2.3. Statistical Analysis

The categorical and continuous data are expressed as numbers (percentages) and the mean ± standard deviation, respectively. The progression patterns of VA deterioration and photoreceptor disruption were determined using nonlinear mixed models in which both fixed and random effects were entered nonlinearly. Linear and exponential growth models were tested, and the best fit model was selected using the model fit information, that is, the Akaike information criterion. Differences in the causative mutation genes were investigated using the group-time interaction effect. All the tests were two-tailed, and P values <0.05 were considered significant. The statistical analyses were performed using SAS version 9.4 (SAS Institute Inc., Cary, NC, USA) and SPSS version 21.0 (SPSS, Inc., Chicago. IL, USA).

3. Results

3.1. Clinical Characteristics of 150 Korean Patients with RP

Of the 150 total patients from 144 probands with RP included in the study, 74 were male (49.3%) and 76 were female (50.7%). Their baseline characteristics are described in Table 1 and Supplementary eTable 2. All the patients were of Korean ethnicity, and the median age at the ocular symptom onset was 20.0 years (range 4–67), whereas the median age at diagnosis was 43.0 years (range, 4–70). The most frequently reported first ocular symptom was night blindness (N = 118 (78.7%)), followed by decreased vision (N = 14 (9.3%)), constricted visual field (N = 11 (7.3%)), and dyschromatopsia (N = 4 (2.7%)).

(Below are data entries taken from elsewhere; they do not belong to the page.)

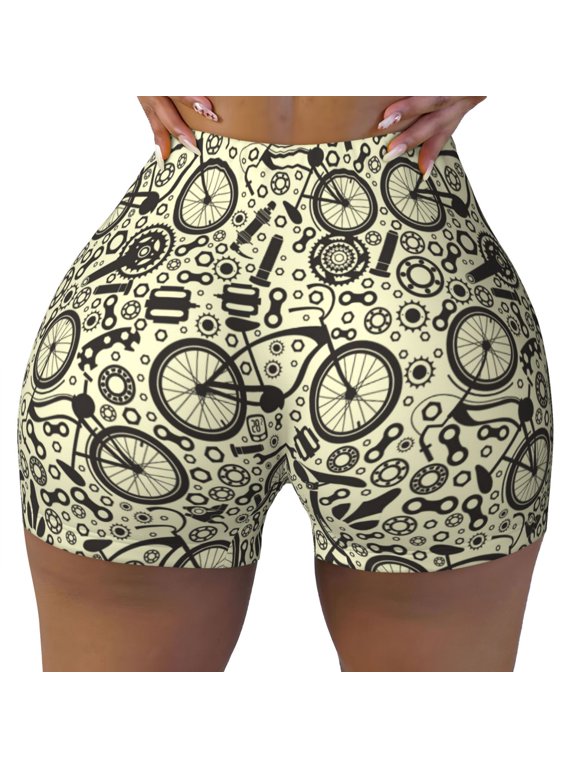 Seamless Workout Shorts Women - Bike Pattern Fancy Biker Gym Running Yoga Spandex Shorts for Women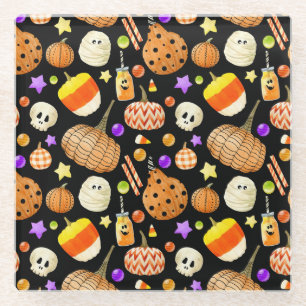 Posavasos De Vidrio Elementos de Halloween: calabazas, calavera, patró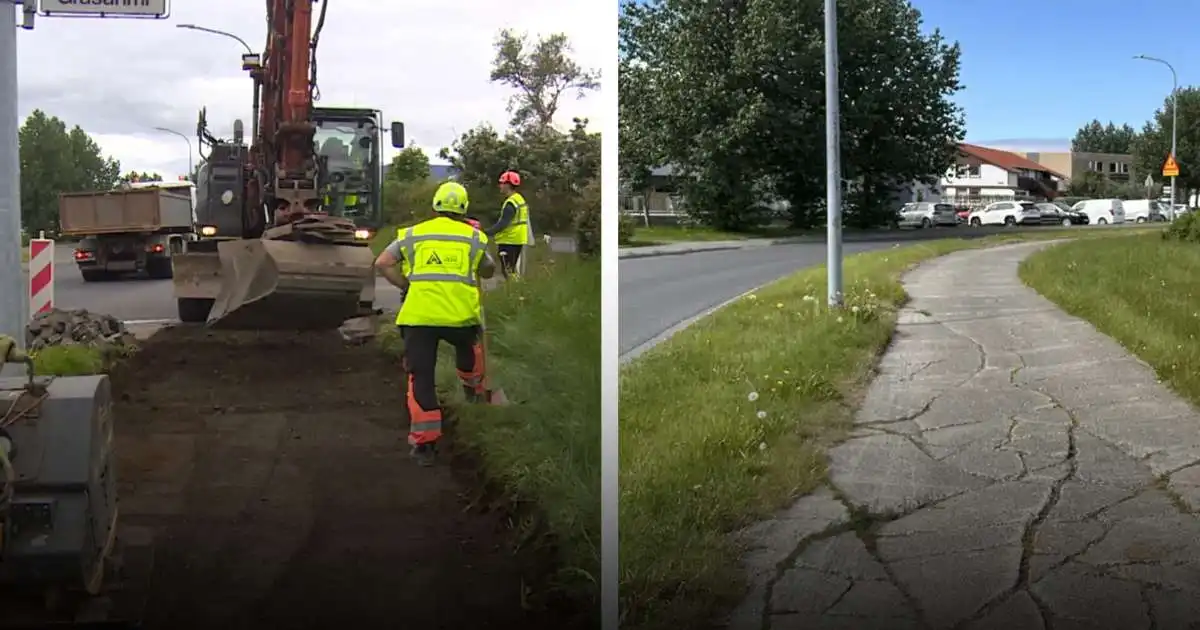 Viðgerð hafin á slysagildru í Grafarvoginum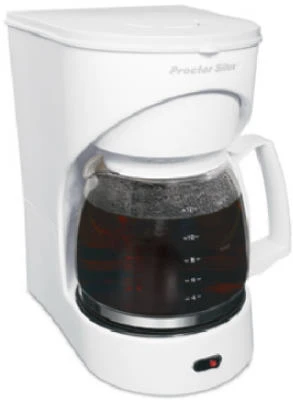 Programmable 12-cup White Coffee Maker With Removable Filter Basket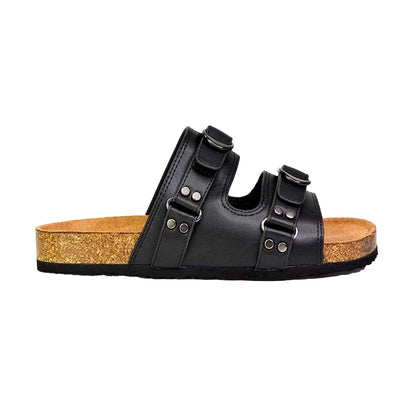 Black - Back - London Womens-Ladies Evan Slip-on Flat Sandals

The median age at which each patient was genetically tested was 49.0 years (range, 13–81). The median BCVA was 0.3 LogMAR in the right eye (range, 0.0–3.0) and 0.3 LogMAR in the left eye (range, 0.0–3.0) at the time of the genetic examination. All the patients showed a reduced response amplitude on the ERG. A generalized reduction of scotopic responses was noted among all the ERG responses, even for the patients with early-stage RP, and reduced cone, oscillatory, and flicker amplitudes (reflecting photoreceptor disruption) were observed for the patients who exhibited an advanced disease stage. The implicit response times were prolonged for most of the patients, except for a few with early-stage RP. During the fundus examinations, retinal degeneration, including pigmentary retinopathy, bone spicule pigments, and, rarely, clumps of pigment, and retinal vessel attenuation were found in all the patients. Hypoautofluorescence propagation corresponding to RPE atrophy was present around the vascular arcade and peripheral retina in the FAF images for all the patients. Additionally, the FAF images often revealed paracentral hyperautofluorescence rings or arcs (102/150 (68.0%)). It exhibits an abnormal accumulation of lipofuscin in the RPE due to apoptosis of external segmental dysplasia [10, 11], reflecting the transition line between abnormal and normal retinal architectures. These autofluorescence patterns were seen in the patients with VF loss. The patients for whom paracentral hyperautofluorescence rings or arcs appeared in the FAF images exhibited paracentral scotoma with a VF central island, which gradually contracted and eventually disappeared with the propagation of peripheral scotoma. ERM and CME were found in the OCT images for 54.7% and 30.0% of the patients with RP, respectively, and 46.7% (21/45) of the patients with CME showed severe CME.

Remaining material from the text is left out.